Among them are the two sons of 70-year-old Ashraf Ali, a resident of Gasbari village, who had come of Mangaldoi to attend the hearings on verification of documents for inclusion in the NRC.

Sitting cross-legged in the crowd with his sons and nephews, Ali looked perplexed as his name was on the list, but his sons were excluded. "My father Javed Ali moved from Barpeta to Gasbari long before the Assam Movement," said Ali.

People await their turn to file NRC claims at Sipajhar NRC Seva Kendra. Bidisha Barman

People await their turn to file NRC claims at Sipajhar NRC Seva Kendra. Bidisha Barman

"Along with my father and my elder brother, I have regularly voted in Mangaldoi when we came of age and were eligible to vote," he informs.
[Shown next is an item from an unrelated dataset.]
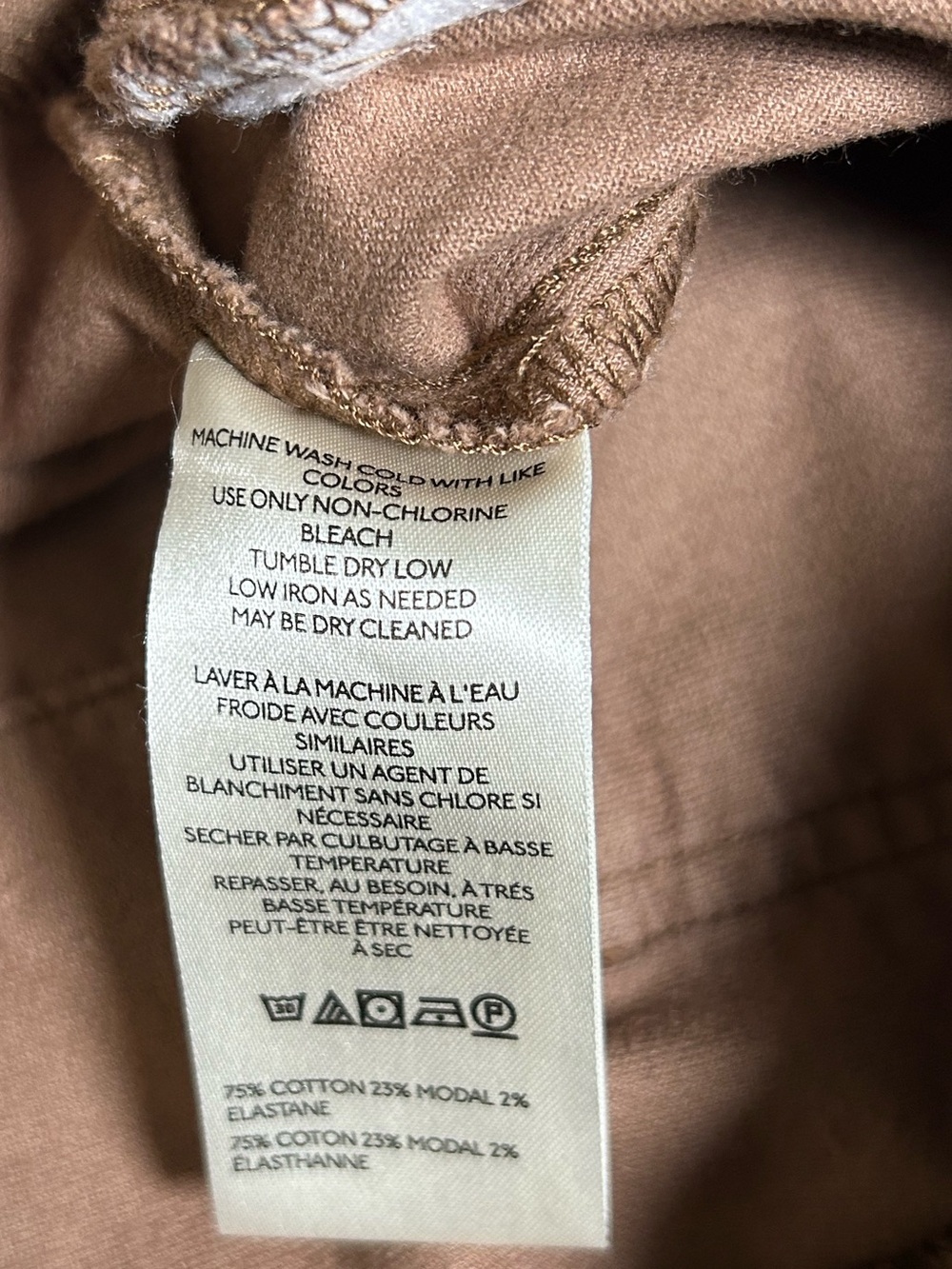 Anthropologie Pilcro Brown Pull-On Corduroy Wide Leg Retro Flare Pants - Picture 9 of 13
Ali, and many others like him, don’t understand what exactly is going wrong. "If the parents are proven to be Indians, can the children be Bangladeshis?" he asks.

Another election, four decades ago

The NRC process was accelerated by the orders of the Supreme Court and completed in 2018, but its roots are decades-old and Mangaldoi was an important flashpoint during the Assam Movement. The indigenous people of Assam have long anguished over the massive infiltration of outsiders, both Indian and foreign, and feared that it was taking a serious toll on the state’s economy.
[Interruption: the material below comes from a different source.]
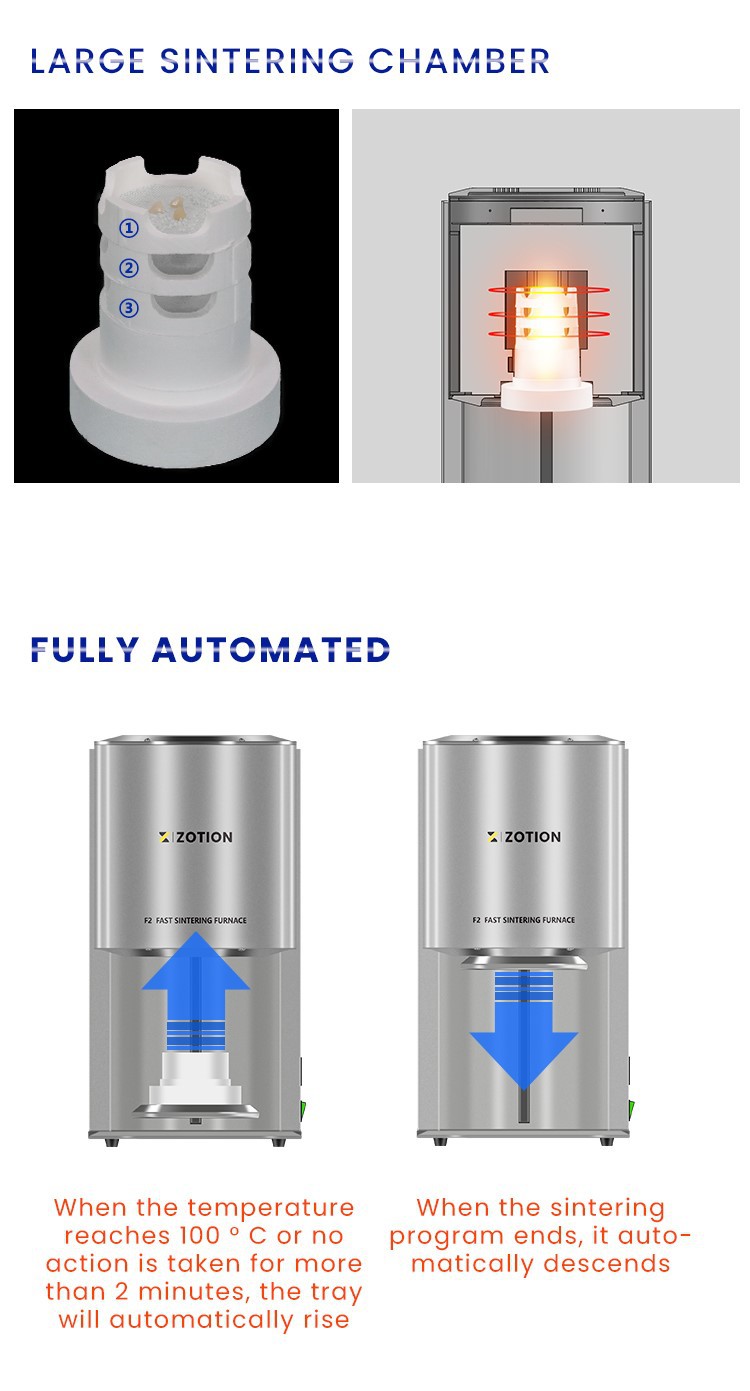 Dental Zirconia Sintering Furnace For CAD CAM Dentistry large sintering chamber Dental Zirconia Sintering Furnace For CAD CAM Dentistry large sintering chamber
It was the number of voters released by the Government of India ahead of the 1977 General Elections to Lok Sabha that raised serious doubts regarding the inclusion of supposed foreigners in the electoral list.

In March 1979, Prafulla Mahanta was elected as president and Bhrigu Phukan as general secretary of All Assam Students’ Union (AASU) and they pledged to launch a statewide movement against the influx of foreigners in Assam. The 3Ds — detection, deletion (from electoral rolls) and deportation — became the rallying cry of the Assam Movement.

Then on 28 March, 1979, the death of the sitting MP of Mangaldoi constituency, Hiralal Patowari called for a by-election. It was after the revision of electoral rolls of this constituency in the by-polls of 1979 that the biggest mass movement in Assam gained momentum, which claimed 855 lives and finally led to the signing of the Assam Accord on 15 August, 1985, which directs the creation of a National Citizens Registry of those who can prove they have been residents of Assam since before 25 March, 1971.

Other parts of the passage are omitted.